Hiroshige: Nature and the City is the most extensive overview of the career of the famed Japanese print artist, Utagawa Hiroshige (1797–1858) in the English language to date. It is based on the largest collection of Hiroshige in private hands outside Japan, the Alan Medaugh collection.
The catalogue consists of 500 entries, with an emphasis on urban and rural landscapes, fan prints and prints of birds and flowers. Grouped chronologically by subject it presents Hiroshige’s interpretation of the urban scenes from his hometown Edo (present-day Tokyo), the great series documenting travel along the famous highways of Japan, and the idylls of nature as represented in his bird-andflower prints.
Hiroshige often incorporated poetry in his works and for the first time all textual content is transcribed and translated. Additionally, the catalogue pays due attention to the differences between variant editions of his prints. Thus, it provides essential comparative material for every scholar, dealer, and collector.

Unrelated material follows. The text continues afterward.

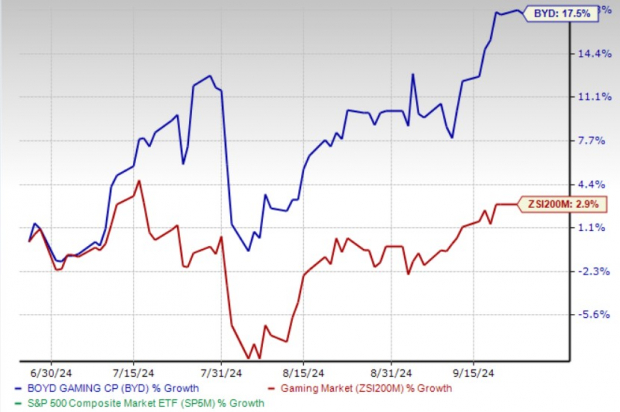 Zacks Investment Research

Five essays precede the catalogue section, each written by specialists in the field. Rhiannon Paget (Curator of Asian Art at The John and Mable Ringling Museum of Art) provides a general introduction to Hiroshige’s life and career. Andreas Marks (Curator Minneapolis Museum of Art) contributes two essays: on the publishers of Hiroshige’s prints and on Hiroshige’s collaborative works designed with his colleagues. Shiho Sasaki (conservation specialist at the Asian Art Museum of San Francisco) discusses the pigment use in Hiroshige’s prints while John Carpenter (Curator of Japanese Art at the Metropolitan Museum of Art) investigates the source of the poetry of Hiroshige bird-and-flower prints.
About the Author:
John Carpenter is Curator of Japanese Art at the Metropolitan Museum of Art, where he has worked since the summer of 2011. From 1999 to 2009 he taught the history of Japanese art at the School of Oriental and African Studies (SOAS), University of London, and served as Head of the London Office of the Sainsbury Institute for the Study of Japanese Arts and Cultures. He has also taught courses at the University of Heidelberg. From 2009 to 2011 he was Visiting Professor at the University of Tokyo. He has published widely on Japanese art, especially in the areas of calligraphy, painting, and woodblock prints. Among his recent publications is a catalogue of an exhibition at the Metropolitan Museum, Designing Nature: The Rinpa Aesthetic in Japanese Art (2012).